# When is it appropriate to leave a particular church?



## EKSB SDG (Jul 27, 2009)

I’d like to get some input and counsel on when it’s appropriate to leave a particular church and join another church. Just for quick background, the issue is not over the preaching, administration of sacraments, or exercising proper church discipline – although there are some concerns on that third point. 

The key issue that has me asking this question is that our church resembles, and has for a quite some time, the churches at Sardis and Laodicea (Revelation 3). And more to the point, our elders seem to be among the most noticeable members that are ones asleep and lukewarm.

Also, for a little background, I’m asking this in light of what G. I. Williamson in The Westminster Confession of Faith. Specifically the section dealing with what the WCF has to say “of the Church.”


----------



## Scot (Jul 27, 2009)




----------



## Scynne (Jul 27, 2009)

I'd say after you've talked to the eldership about the matter. If given a lukewarm, mushy-wushy, fluffy-wuffy response, truck on outta there.
I'm a self-professed non-expert, though. You might want to get answer from a more mature member here. I can get a little hot-headed with these sorts of things...


----------



## Edward (Jul 28, 2009)

EKSB SDG said:


> Just for quick background, the issue is not over the preaching, administration of sacraments, or exercising proper church discipline – although there are some concerns on that third point.



I'm not sure I understand the problem, then, or why there may be a justification for leaving.


----------



## toddpedlar (Jul 28, 2009)

EKSB SDG said:


> I’d like to get some input and counsel on when it’s appropriate to leave a particular church and join another church. Just for quick background, the issue is not over the preaching, administration of sacraments, or exercising proper church discipline – although there are some concerns on that third point.
> 
> The key issue that has me asking this question is that our church resembles, and has for a quite some time, the churches at Sardis and Laodicea (Revelation 3). And more to the point, our elders seem to be among the most noticeable members that are ones asleep and lukewarm.
> 
> Also, for a little background, I’m asking this in light of what G. I. Williamson in The Westminster Confession of Faith. Specifically the section dealing with what the WCF has to say “of the Church.”
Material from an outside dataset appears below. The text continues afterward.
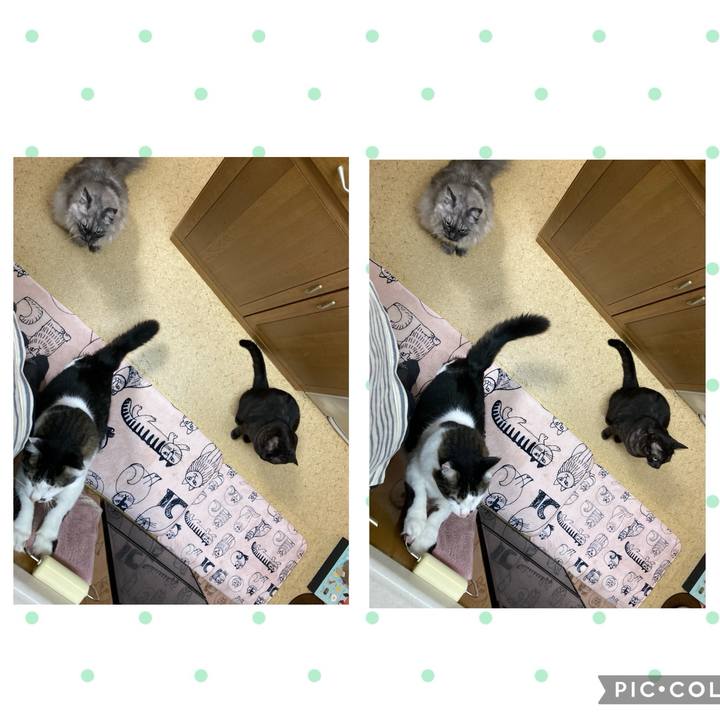 71012305 0817 4167 8f2f 8c412863b369 1713653744418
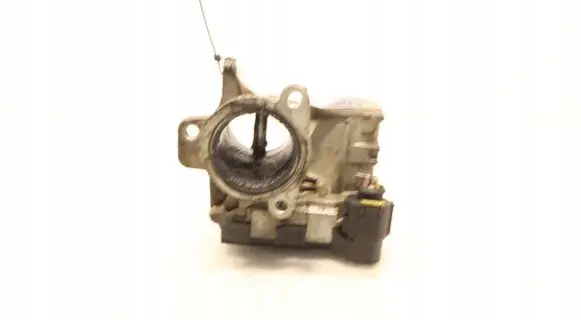 Throttle body valve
If you're in a sound denomination, with a sound confessional basis, with no problems on preaching or the administration of the sacraments, and with a couple quibbles about the exercise of discipline, why in the world are you itching to leave? Your say that your church resembles the churches at Sardis and Laodicea. How so? On what basis are you the one making this judgment? Have you taken up the issue with your elders? Have you gone to them one-on-one with your concerns? 

The PB is not the place for sharing dirty laundry, first of all, nor are we necessarily the best place to "feel out" your reasons for leaving. Talk with the men involved, first. It is inappropriate to try to find justification by people here saying "yeah, yeah, go! Leave that lukewarm church!" I'm sure you can find one or two who will say that - but you had better be very certain that your choice to leave is Biblically sound and that you have carried out all of your responsibilities a la Matthew 18 and your church's constitutional documents (aka the Book of Church Order and the Standards).

Reactions: Amen 1


----------



## jason d (Jul 28, 2009)

This is taken from John MacArthurs article, "When Should People Leave Their Church" and I think it to be good advice:



> Leaving a church is not something that should be done lightly. Too many people abandon churches for petty reasons. Disagreements over simple matters of preference are never a good reason to withdraw from a sound, Bible-believing church. Christians are commanded to respect, honor, and obey those whom God has placed in positions of leadership in the church (Heb.13:7, 17). However, there are times when it becomes necessary to leave a church for the sake of one's own conscience, or out of a duty to obey God rather than men. Such circumstances would include:
> 
> If heresy on some fundamental truth is being taught from the pulpit (Gal. 1:7-9).
> 
> ...

Reactions: Amen 1


----------



## EKSB SDG (Jul 28, 2009)

I’d send one of those little “thank you” things but as a newbie on this board with only a few posts, that feature is not yet available to me. So instead, I’ll just says “thanks” this way. 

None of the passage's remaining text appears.